BY LINCOLN ANDERSON | Updated May 18, 1 p.m.: Soho and Noho are still off limits for classrooms and dorms for New York University students.
On Tues., May 16, a state Supreme Court justice ruled against a lawsuit by N.Y.U. that argued the university should have free rein to expand such uses into the area under the new Soho/Noho rezoning. Basically, Justice Gerald Lebovits said the neighborhoods’ preexisting ban on college and university uses should continue.
Under Soho and Noho’s long-standing manufacturing zoning, student classroom and dormitory uses had always been prohibited, requiring a zoning variance. The judge found that there is no new “injury” inflicted on N.Y.U. by the 2021 rezoning.
“As a result, [the] rezoning did not adversely affect N.Y.U.’s right to use its property in rezoned Soho/Noho,” Lebovits wrote. “N.Y.U. could not use that property without obtaining a zoning variance before, and it may not use that property without obtaining a zoning variance now. Absent some identifiable, current injury, and N.Y.U. points to none, N.Y.U. lacks standing to bring its current challenge to the city’s prohibition on college/university uses in the rezoned neighborhoods. N.Y.U.’s action must be dismissed.”
According to Lebovits, in a nutshell, N.Y.U.’s main argument in the lawsuit was: “were it not for [the rezoning] N.Y.U. would be free to immediately co-locate instructional facilities” — i.e., classrooms — in buildings in the rezoned area that N.Y.U. must instead “use solely for faculty and administrative offices and other non-instructional operations.”
The “no university expansion” rule also applied to student dormitories.
Following a rezoning in 2005, new residential development in Soho and Noho previously required a special permit, which is easier to obtain than a zoning variance.
Under the Soho/Noho rezoning, though, residential development — and also ground-floor commercial uses, like bars and restaurants — are now allowed as of right. (Commerical uses and bars and restaurants actually were previously allowed in most of Soho north of Broome Street and west of Mercer Street, but not in the other parts of Soho or all of Noho.) The rezoning also upzoned the entire area, allowing for larger residential and commercial developments.
In fact, when the City Planning Commission approved the Soho/Noho rezoning, its version of the scheme did allow college and university uses in the area. However, after a furious pushback by community groups and preservationists, the City Council, in December 2021, agreed to include a prohibition on “college and university uses and student residence halls.” Shortly afterward, the rezoning — championed by former Mayor de Blasio, as well as Councilmembers Margaret Chin and Carlina Rivera — was approved.
N.Y.U. filed suit in April 2022. In response, Village Preservation immediately launched a campaign to oppose any weakening of the anti-university use rule. Village Preservation also joined with the residents group Coalition for Fairness in Soho and Noho and Councilmember Christopher Marte in filing “a motion to intervene” in the case — as Village Preservation put it, “to ensure [that] the provision received the robust defense it warranted.”
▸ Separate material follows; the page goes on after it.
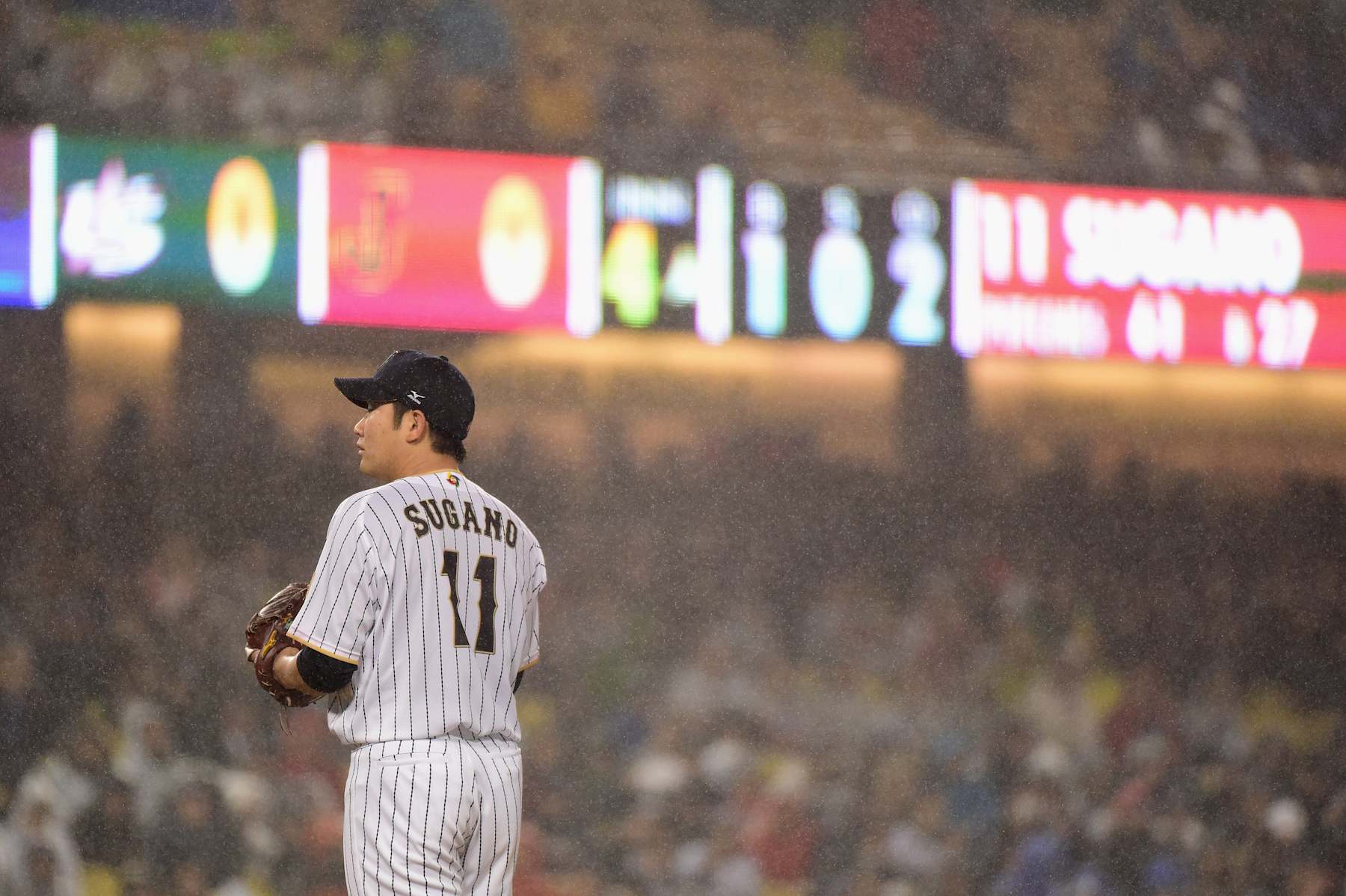 LOS ANGELES, CA - MARCH 21: Tomoyuki Sugano #11 of team Japan looks on in the rain during the fourth inning against team United States during Game 2 of the Championship Round of the 2017 World Baseball Classic at Dodger Stadium on March 21, 2017 in Los Angeles, California. (Photo by Harry How/Getty Images)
Andrew Berman, the executive director of Village Preservation, praised the judge’s decision.
“We’re deeply gratified that Judge Lebovits agreed with us and denied N.Y.U. the opportunity to strip away one of the few positive elements of the Soho/Noho rezoning, and to further ceaselessly expand throughout our neighborhoods,” Berman told The Village Sun. “As their new, gargantuan Paulson Center at 181 Mercer St. shows, the university’s growth in our neighborhood is anything but benign, and continues to overwhelm our communities. N.Y.U. seems to think they have a manifest destiny to occupy and control all of our neighborhoods, and we are glad that we were able to successfully defend this important safeguard against that.”
It was not immediately clear if N.Y.U. would appeal the ruling. However, according to Village Preservation, Justice Lebovits’s decisions “have a very high rate of withstanding appeals.” Nevertheless, the preservation group pledged to closely monitor the situation and defend its position, “as well as all rules and regulations that limit N.Y.U.’s ability to ceaselessly expand throughout our neighborhoods.”
N.Y.U. spokesperson John Beckman called the area’s zoning “unconstitutional” and said the university is mulling whether to appeal.
“N.Y.U. respectfully disagrees with the court’s ruling on its challenge to a provision of the Soho/Noho rezoning,” he said. “We believe we provided ample proof of our standing to bring the action, not least the harm that comes from being subjected to an unconstitutional provision of the zoning law. We are reviewing the decision, and our options.”